I said yes, because I always said yes when she asked anything. I never wondered whether I could or could not do something. If she asked, the answer was always yes. No matter what it was, it was always yes. I would find my way. I learned that from her.
I didn’t always know that. Just months after I had met her in 2005, she asked if I would like to sing a solo at a performance in the old center just down the street. I hesitated for days. Leslie Linn, the performance director, kept calling for an answer. Each day, I would see her number appear on my phone and send it immediately to voicemail. I hesitated and hesitated and hesitated. Finally, I answered the phone one day standing in line at a Starbucks in Dupont Circle and said, “Look, I’m an ok singer, but let’s not kid ourselves.” There was a long pause, and then Leslie said, “If she thinks you can do it, you can do it.”
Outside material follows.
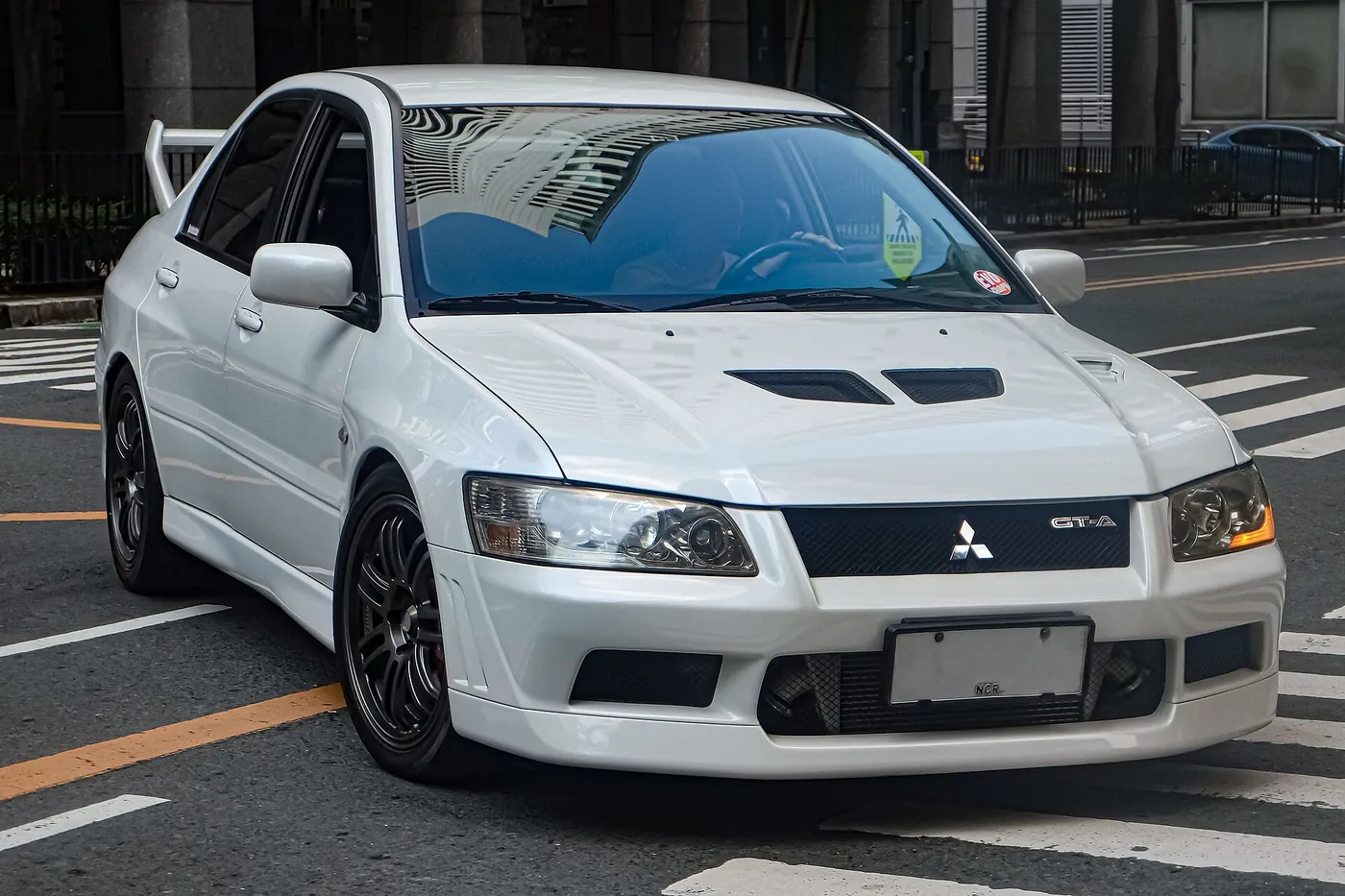 Mitsubishi Lancer Evolution — foto 2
Several weeks after that I was standing in maroon women’s yoga pants on stage singing a solo about the springtime in front of 400 people I had never seen before.
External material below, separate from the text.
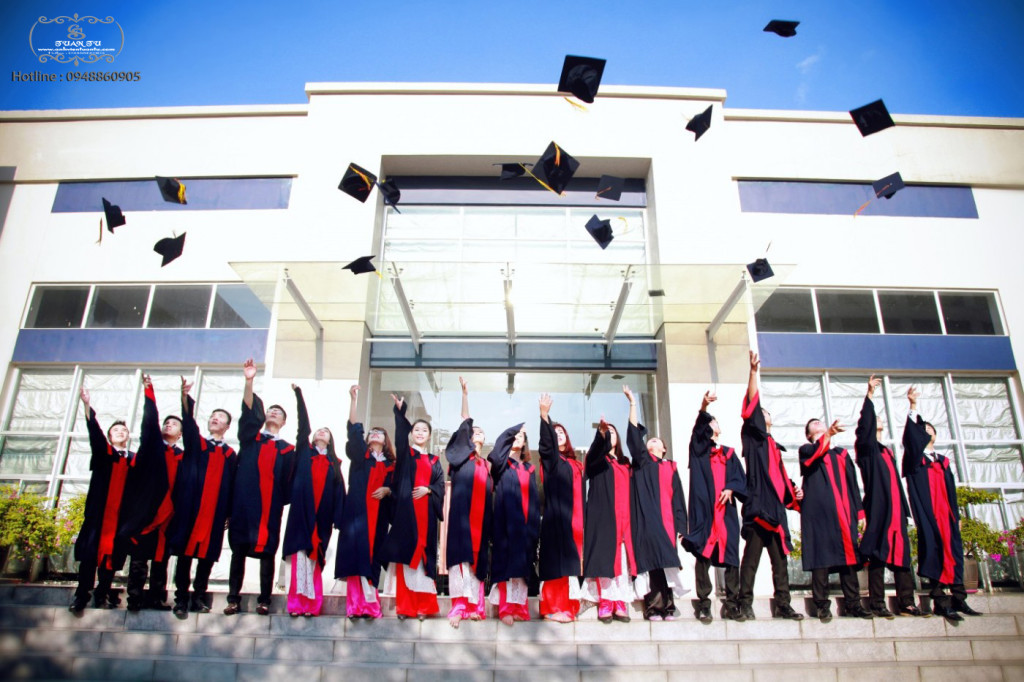 ai da lam bang dai hoc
And here I am again, in front of hundreds of people, some of whom I don’t yet know by name. How am I prepared for this? How could anyone be prepared for this? As we have learned from our teachers, this role of murshid, or murshida, is not something one consciously prepares for.Murshida always had an intuition for asking whatever she asked of us, and the reasons always became clear.
I never had special private meetings with Murshida over the years. We did not have one-on-one talks about what it means to be a murshid, because for years she has been telling all of us what it means to be a murshid. She has been telling all of us what spiritual unfolding looks like.
She knew we were prepared to hear those messages…we were prepared to read the Upasni Maharaj biography. We were prepared to hear her Youpon Dunes talks: the most important talks we will ever hear. The thing about descendent spiritualty is that it’s not at all what you expect it to be. That night on stage, in front of 400 people I had just seen for the first time, I began, bit by bit, to surrender and let the gracelight lead me forward.
Assisi
One of my early conscious encounters with Meher Baba’s divine force was in Assisi. I was 19 and traveling with my family. After a long series of “happenings” which we don’t have time discuss tonight, I had come into a copy of Murshid Jim’s travel guides to Italy, received through a Sufi friend.
Although I didn’t know words like murshid or sufi at the time, I did have an old green copy of volume one the Discourses, so I had a sense of who Meher Baba was and was compelled by Him at some level.
I was also attempting to go to each location in Murshid Jim’s guides. They were like these great secret books with loads of secret knowledge, and no one knew about them but me. I wanted to follow them to the T.
My family was staying over three hours away from Assisi, but I convinced my father to drive me there. He was a good sport, happy to indulge the whims of his son and to get to spend a day with him before he left for college. However, as we approached the city walls, I said, “Dad, I need the day alone; I will see you back at the car at five.” This good and kind man, who was an unconscious student of Murshida’s, quizzically looked at me, and in his subtle Arkansan accent said “Ok, Walk. See you then.”
Following Murshid Jim’s guide, I made my way up the mile-long mountain road to Francis’s hermitage, nestled deep in an old-growth forest. The aim: finding Meher Baba’s Cave, which is funny, because I didn’t even know what it meant to be “Meher Baba’s cave”, I just knew it was in the guide.
As I walked into those enchanted woods, I was suddenly overcome with a kind of bliss I had never experienced before and would not experience again until many years later.
I don’t have the language for this feeling. The word “bliss” feels entirely inadequate.
Perhaps we can call it a conscious experience of the gracelight, of that.